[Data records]
------------------------

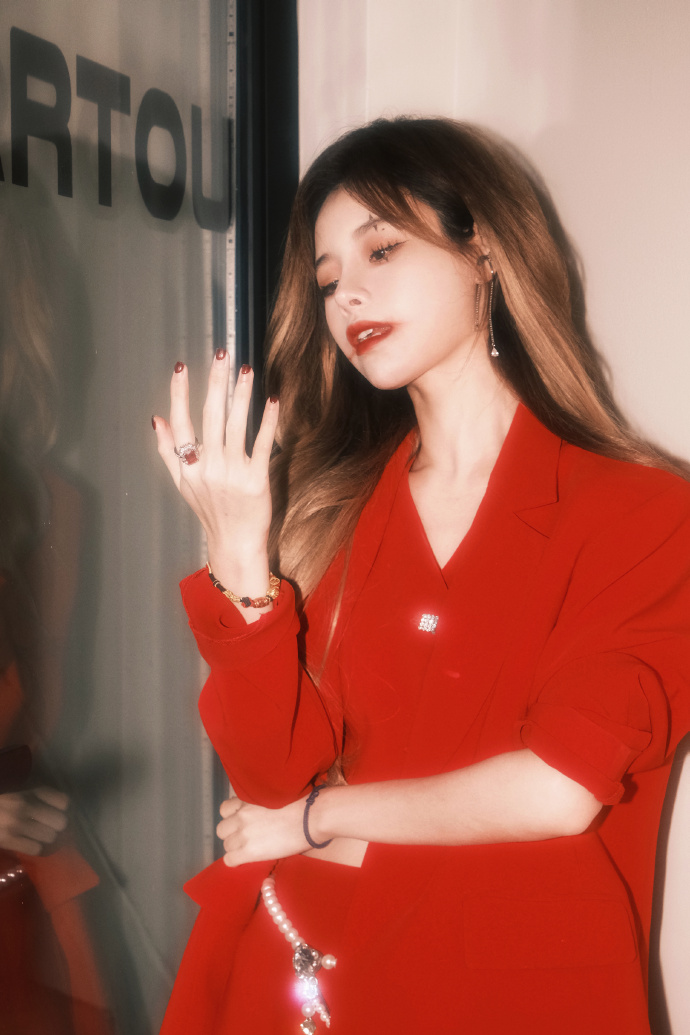 搜索引擎收录规则变化及网站优化最新趋势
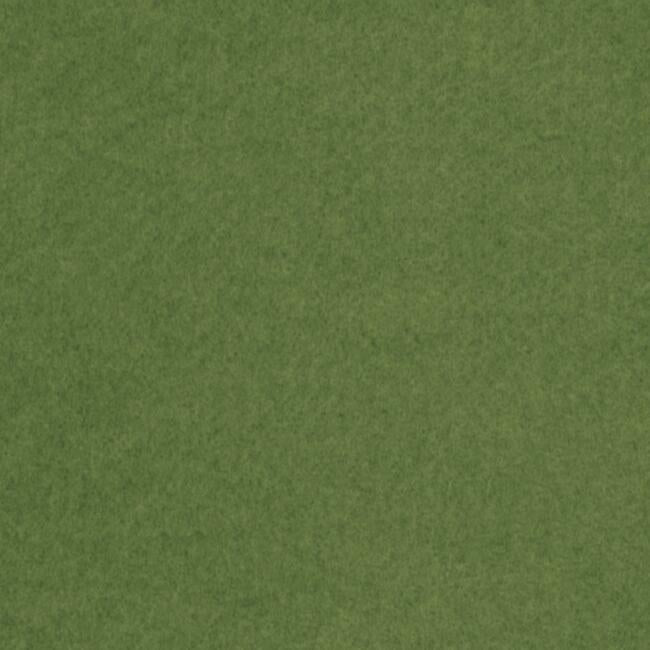 QuietWall HA3407 Uplift Acoustical Wallcoverings - Eade's Wallpaper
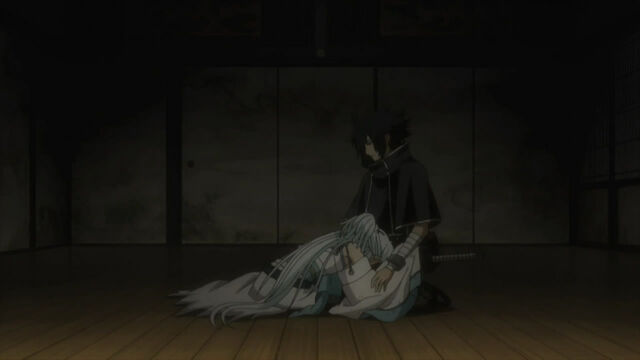 File:Awww~.jpg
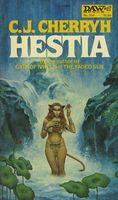 Hestia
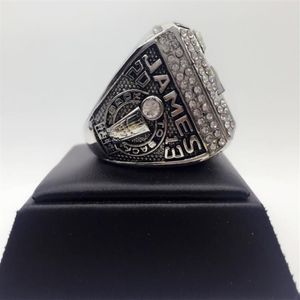 كامل ميامي 2013 2012 2006 كرة السلة Dhampion Ring Ring التذكارية الترويج للهدايا هدايا عطلة للأصدقاء 269p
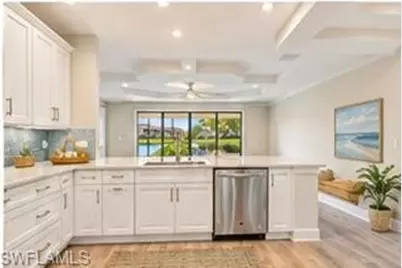 15249 Zeno Way #102, Naples, FL 34114 - Photo 29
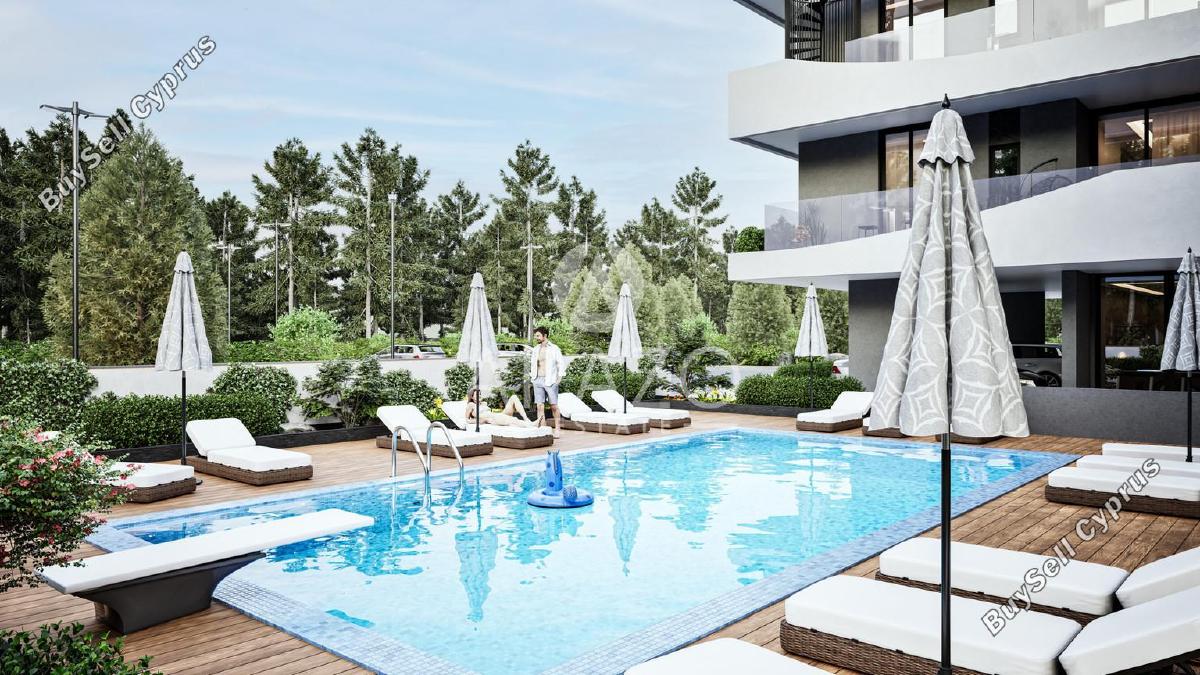 2 bedroom penthouse for sale livadia larnacas larnaca 8810049 image 16825766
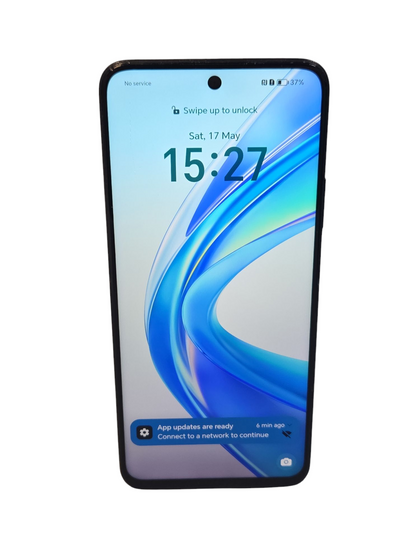 HONOR X7b 4G 128GB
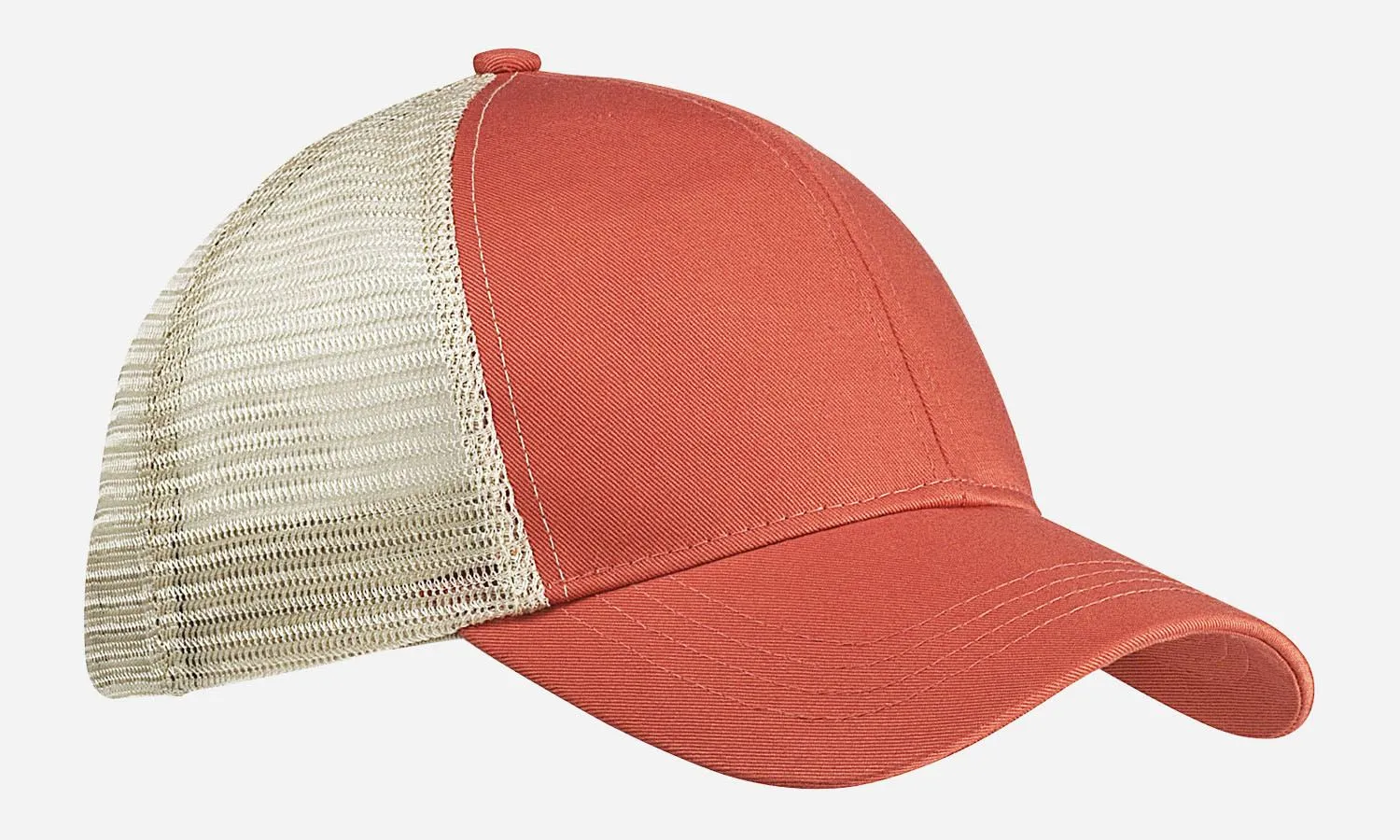 Eco Trucker, EC7070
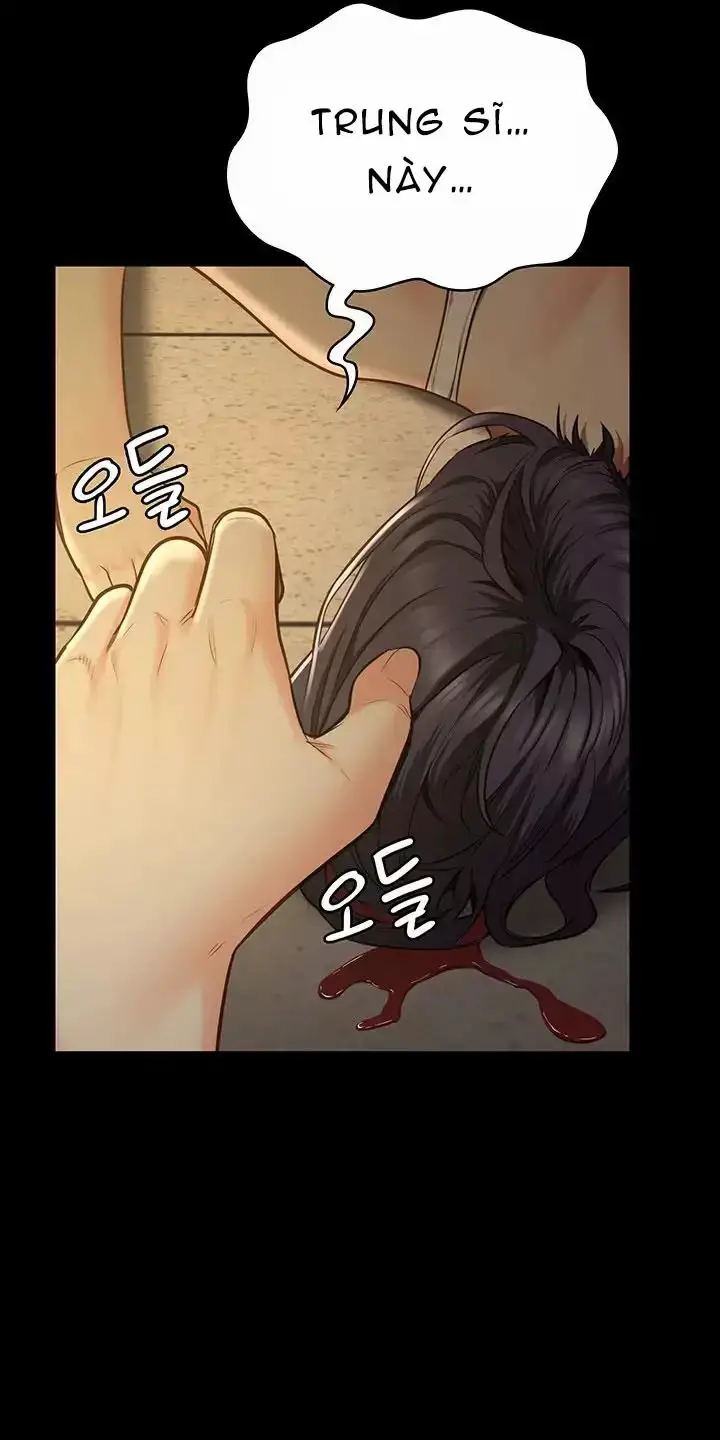 Giam Cầm Nettruyen ZZZ Chương 37 Page 28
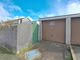 Thumbnail Semi-detached bungalow for sale in Penluke Close, Four Lanes, Redruth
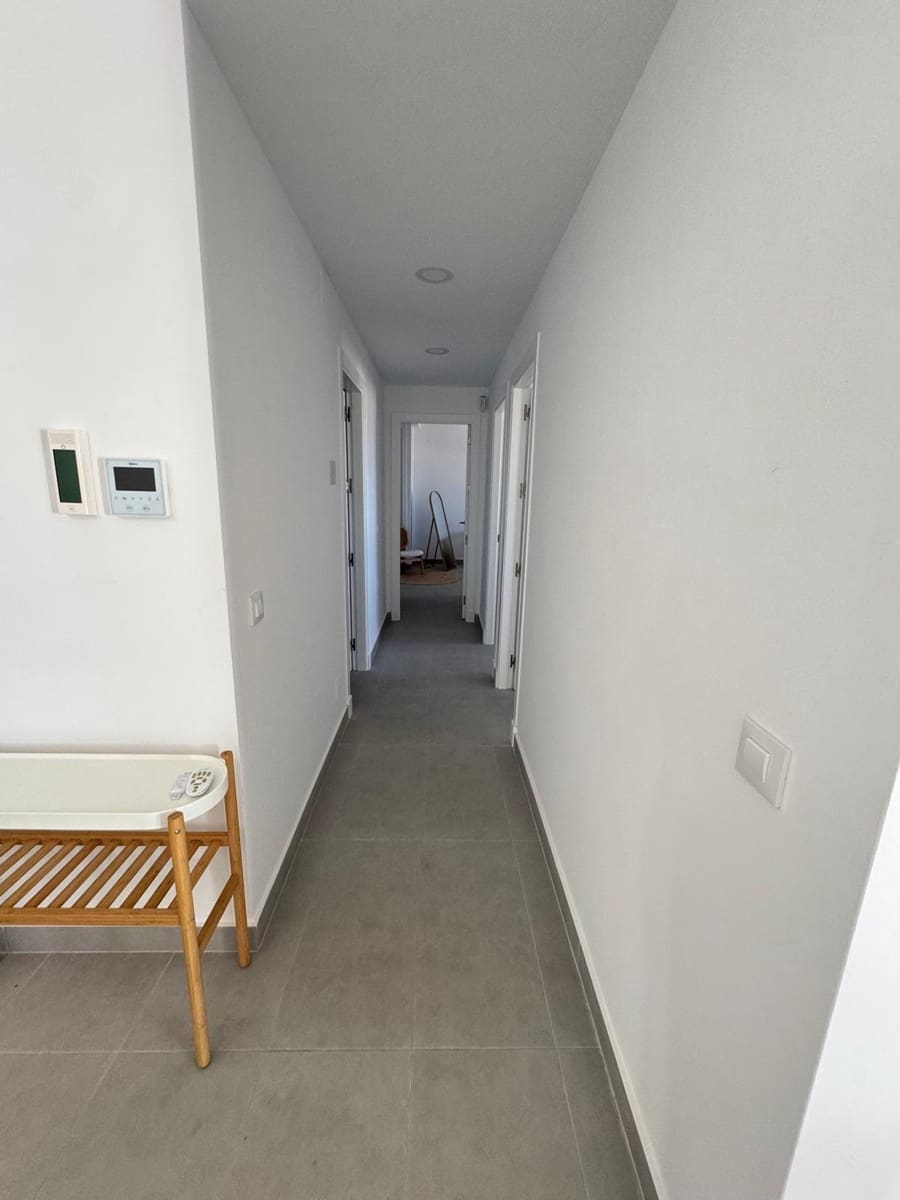 3 soverom Penthouse til salgs i Medina-Sidonia med garasje - € 295 000 (Ref: 9433352)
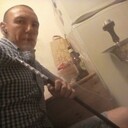 ���������� ���������, ���� ������� �������, 45 ���, ������������ ��� ������, ����� � ���������, c�������� ���������, ���������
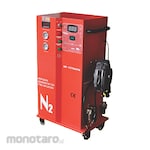 AKS Air Compressor Nitrogen Generator for Tire Inflator (Pompa Angin Kapasitas Besar)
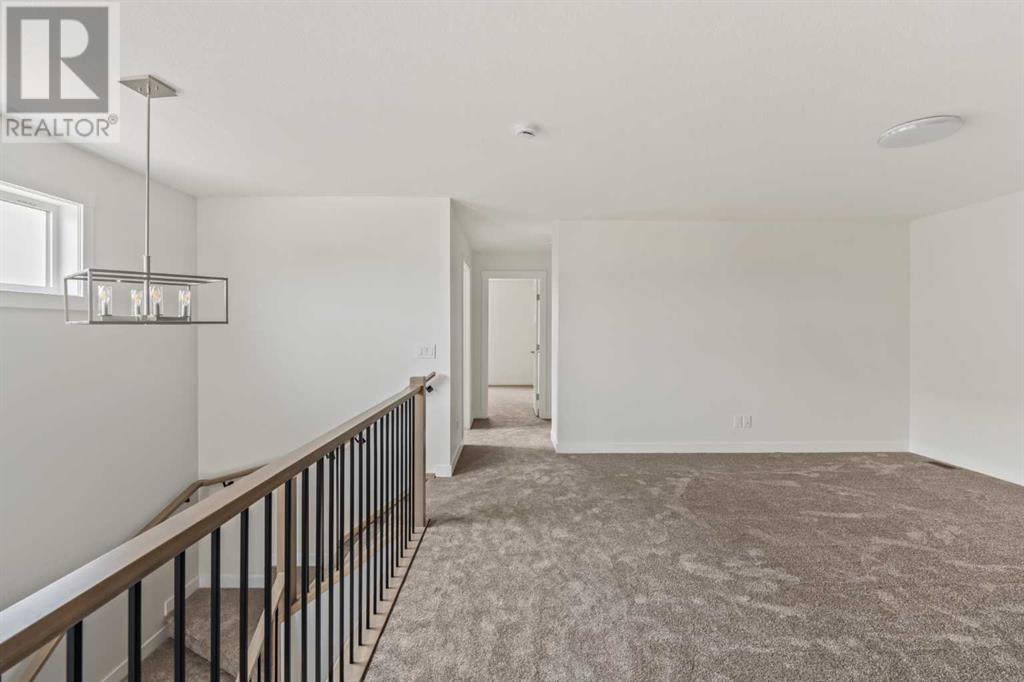 280 Creekstone Circle Sw Property Photo 21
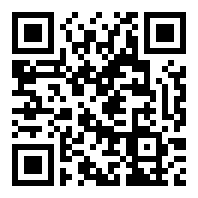 织梦蓝色安防监控弱电等科技类企业织梦模板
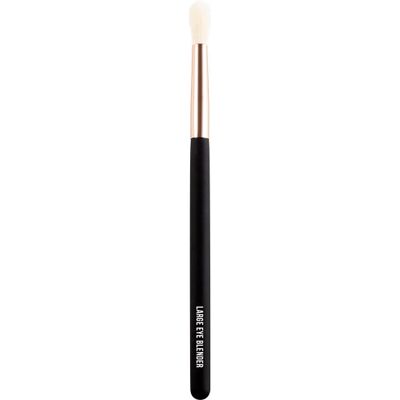Mulac Grande Pennello per Occhi - Pennello Make-up Mulac Grande Pennello per Occhi - Pennello Make-up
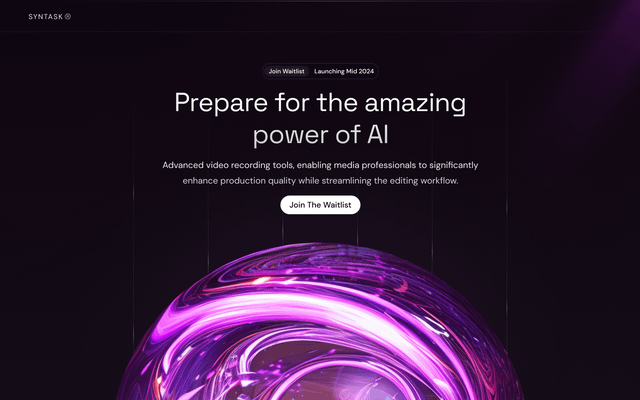 user_10/web-designers-created-these-spheres-in-midjourney-they-work-v0-xijfskoxiqgc1_280d6cfd-df.png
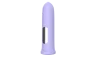 Grigio Viola
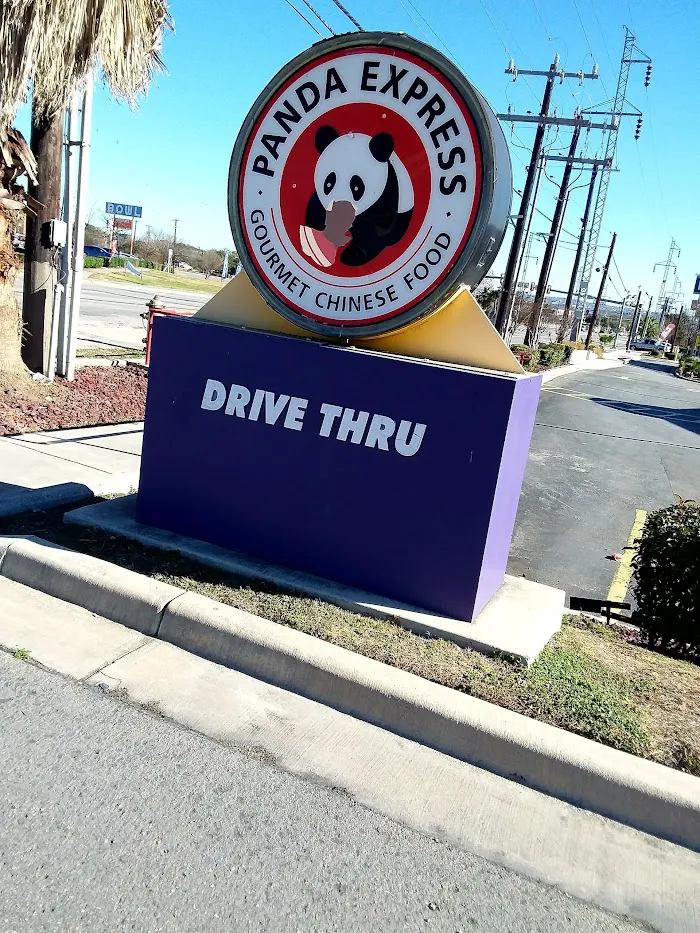 Panda Express 6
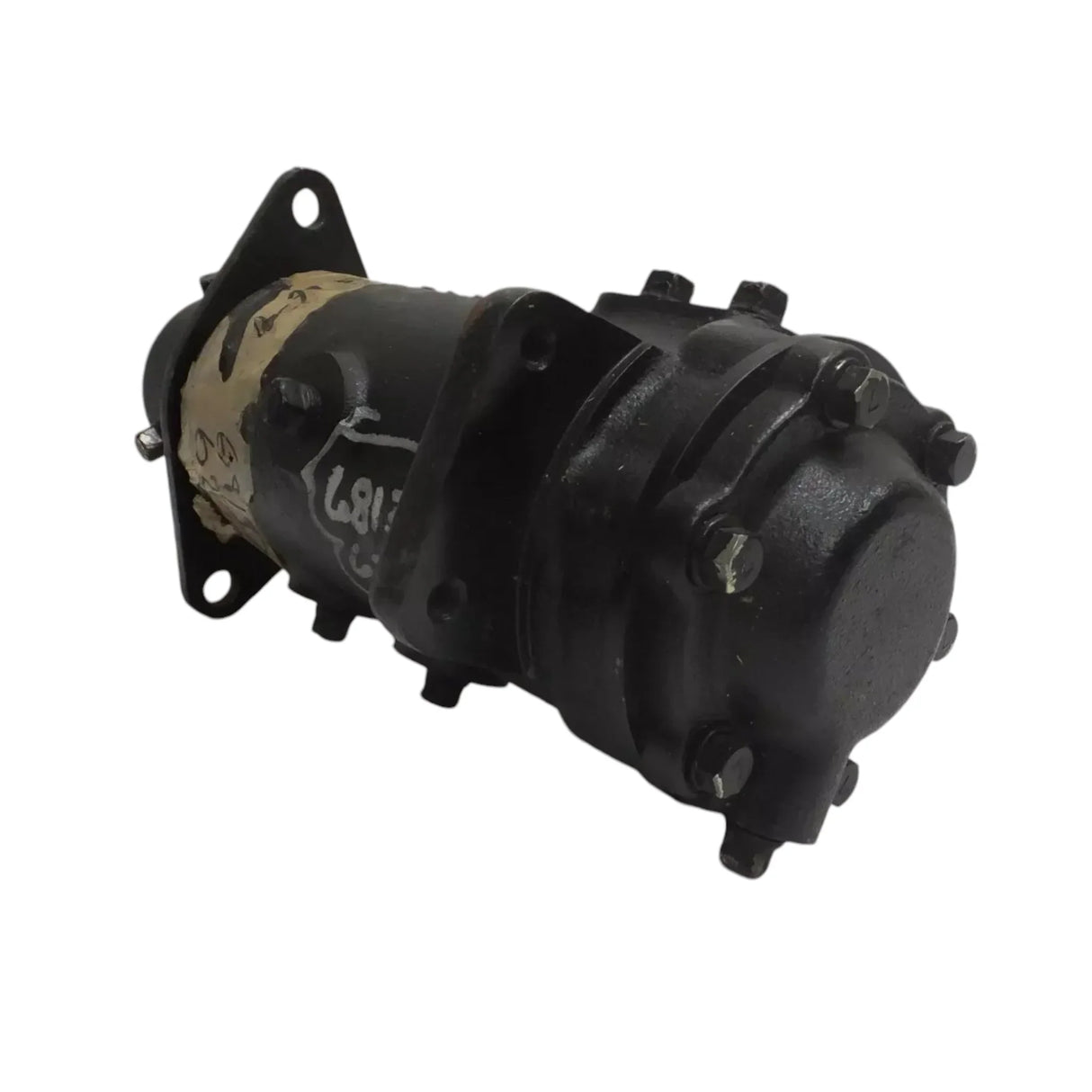 68133-62300 Kubota Joint Assembly For KH-1 10 - Truck To Trailer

------------------------

## WORK ORDER
Could you copy, exactly and with no pictures, each line from the first one above to the line holding "15249 Zeno Way"?

## EXPECTED OUTPUT
 搜索引擎收录规则变化及网站优化最新趋势
 QuietWall HA3407 Uplift Acoustical Wallcoverings - Eade's Wallpaper
 File:Awww~.jpg
 Hestia
 كامل ميامي 2013 2012 2006 كرة السلة Dhampion Ring Ring التذكارية الترويج للهدايا هدايا عطلة للأصدقاء 269p
 15249 Zeno Way #102, Naples, FL 34114 - Photo 29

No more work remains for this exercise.